Seit 2 Tagen ist es weiss und auch tags über unter Null hier in Bern, die Skiorte jubeln schon und wir haben ein paar Tage Ruhe vom Klimaerwärmungsgeschrei..

hier der Text von vor ein paar Tagen
Hallo Eva

Freue mich immer sehr wenn du wieder wie jetzt Neues und Spannendes von deinem südlichen Leben preisgibst.

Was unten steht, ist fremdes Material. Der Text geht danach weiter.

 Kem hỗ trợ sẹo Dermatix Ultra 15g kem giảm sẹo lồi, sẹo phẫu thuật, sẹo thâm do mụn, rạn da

Toll, dass es nun auch wieder Zeichnungen zu bewundern gibt, die ich und auch andere Porträtisti schon sehr vermisst haben.

Die Reihenfolge mit den neuen Einträge immer obendrauf gehört halt wohl einfach zur Art eines Blogs, das stört mich persönlich kaum, vielleicht weil ich sowieso immer ziemlich kreuz und quer lese. Für aufeinander aufbauende Texte ist es aber natürlich schon nicht die ideale Form.

Das Löschen einzelner Bilder geht bei mir sehr einfach über Dashboard - Post - Bearbeiten - Bild markieren und löschen und allenfalls ein neues reinladen. Kann mir nicht vorstellen wo das Problem liegt, da du ja das genau gleiche Programm bei blogspot hast.

Die Porträtisti sind wie eh und je donnerstäglich am kritzeln, pinseln und klecksen, trinken und plaudern. Werde mein diesbezügliches Facesurfing auch wieder regelmässiger ins Blog stellen.